Escritor bem-sucedido de livros de viagens aventurosas e de reportagens históricas por cenários exóticos, Airton Ortiz não se afasta de seu tema de eleição quando envereda pela ficção.
Depois de sua estreia com uma narrativa sobre uma expedição ao Everest, Ortiz lançou seu segundo romance, Gringo, a jornada de um mochileiro pela América do Sul, misto peculiar de romance de formação e literatura de viagem.
O romance é a narrativa do amadurecimento de Victor, jovem brasileiro retratado como um exemplar típico da elite brasileira contemporânea: classe média alta, residente em Brasília, recém-formado, acaba de passar em um concurso público para o Senado - o que o enche de alegria por significar emprego estável pelo resto da vida. Informado da aprovação pela mãe, durante uma viagem que resolveu fazer para esquecer o fora que tomou de uma namorada, Victor decide estender um pouco sua jornada até o Paraguai - sua primeira viagem internacional. No Paraguai, encontra um mochileiro holandês que o convence a acompanhá-lo até a Bolívia, onde Victor se encanta primeiramente por uma viajante italiana e mais tarde por uma canadense, novos pretextos para novas viagens, que ele faz enquanto espera o desenlace do concurso público que prestou no Brasil, suspenso por uma liminar judicial.
Victor não é um personagem de quem se gosta facilmente no primeiro contato. Autocentrado, arrogante, acostumado aos privilégios que recebeu desde a infância, o rapaz não demora a entrar em choque com praticamente todas as etapas de sua jornada: o alojamento em albergues econômicos, longos deslocamentos a pé ou de ônibus, a necessidade de falar mais de um idioma além do português - embora tenha estudado inglês, ele prefere se acomodar na língua materna.
- O personagem entra em conflito com a estrada e vai abrindo a cabeça, vai aprendendo que não existem apenas visões de mundo parecidas com as dele. Ele encontra uma realidade que o desafia e, em um primeiro momento, a reação é de rejeição, mas como é um rapaz inteligente, embora acomodado, ele vai sendo transformado por suas experiências de viagem - comenta Ortiz.
A vida de Victor na estrada, como a dos viajantes em geral, é uma sucessão de encontros interessantes, convívios fugazes e despedidas que podem ou não ser permanentes.

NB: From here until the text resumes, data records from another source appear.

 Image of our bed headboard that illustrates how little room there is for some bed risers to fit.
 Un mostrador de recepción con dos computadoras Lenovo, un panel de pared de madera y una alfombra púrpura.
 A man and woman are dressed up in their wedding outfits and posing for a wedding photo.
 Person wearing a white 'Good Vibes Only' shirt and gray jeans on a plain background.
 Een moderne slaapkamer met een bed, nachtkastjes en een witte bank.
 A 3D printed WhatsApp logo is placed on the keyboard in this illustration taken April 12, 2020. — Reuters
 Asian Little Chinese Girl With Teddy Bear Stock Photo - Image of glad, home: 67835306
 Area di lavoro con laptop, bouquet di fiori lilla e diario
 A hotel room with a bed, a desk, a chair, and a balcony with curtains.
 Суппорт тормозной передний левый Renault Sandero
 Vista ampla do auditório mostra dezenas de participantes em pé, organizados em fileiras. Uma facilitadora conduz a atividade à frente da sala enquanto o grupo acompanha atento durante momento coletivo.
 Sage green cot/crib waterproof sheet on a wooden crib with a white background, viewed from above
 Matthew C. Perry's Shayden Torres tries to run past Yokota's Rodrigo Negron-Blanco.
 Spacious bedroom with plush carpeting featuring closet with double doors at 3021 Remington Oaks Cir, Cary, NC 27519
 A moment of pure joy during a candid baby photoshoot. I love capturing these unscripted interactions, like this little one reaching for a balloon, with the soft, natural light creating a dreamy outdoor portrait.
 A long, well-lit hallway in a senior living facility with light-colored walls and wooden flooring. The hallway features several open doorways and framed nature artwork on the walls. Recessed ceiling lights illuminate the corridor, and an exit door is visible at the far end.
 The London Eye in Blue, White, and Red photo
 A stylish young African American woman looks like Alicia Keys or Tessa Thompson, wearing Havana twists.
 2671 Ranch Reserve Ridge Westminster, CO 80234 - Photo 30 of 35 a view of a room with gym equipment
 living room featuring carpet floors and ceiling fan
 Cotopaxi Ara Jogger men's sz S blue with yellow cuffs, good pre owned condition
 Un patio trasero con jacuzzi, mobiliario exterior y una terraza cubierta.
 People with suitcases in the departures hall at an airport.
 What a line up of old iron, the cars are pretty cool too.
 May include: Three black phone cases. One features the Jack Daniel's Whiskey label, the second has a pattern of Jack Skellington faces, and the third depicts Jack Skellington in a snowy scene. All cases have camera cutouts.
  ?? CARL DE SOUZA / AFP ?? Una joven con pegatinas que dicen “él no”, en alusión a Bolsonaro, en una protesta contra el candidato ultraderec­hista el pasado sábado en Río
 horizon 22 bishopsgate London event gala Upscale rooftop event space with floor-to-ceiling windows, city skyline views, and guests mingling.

A estrutura do romance também acompanha essa indeterminação da viagem - a história é narrada por meio de capítulos curtos, cujo título remete à localização em que aquela cena específica ocorre. Personagens aparecem na trajetória de Victor e depois se despedem, ou a trama salta para lugares distantes em que decisões de terceiros podem ter consequências posteriores no caminho de Victor - em determinado momento da viagem, traído pela própria ingenuidade e pelo temperamento "brasileiro" que faz questão de manter, o jovem se envolve em um imbróglio criminal de perigosas repercussões, e mais não se dirá para não entregar a trama por completo.
- A fragmentação é característica da vida na estrada e da própria vida contemporânea, por isso eu escolhi contar essa história de modo que o leitor sentisse na estrutura do texto a experiência fragmentada da viagem do personagem, seus encontros e desencontros - diz Airton Ortiz.
Trecho:
- Que coisa!
- Não falei que era lindo?
(A paisagem surpreende Victor. Em certos lugares, o tapete de sal está coberto por uma lâmina de água, formada pelo degelo das montanhas ao redor. Por todos os lados, o cristal líquido reflete o límpido azul do céu do altiplano, longe da poluição, da poeira, das nuvens. O carro desliza, parece andar sobre um piso encerado.)
"Lindo mesmo. Mas dá medo. Se o jipe derrapa, é capaz de capotar."
(O motorista-guia-cozinheiro começa as explicações, quer uma gorjeta no fim da aventura. E, ele sabe, os gringos adoram suas histórias. Quase tudo verdade, só alguns toques especiais, para dar mais colorido à expedição.)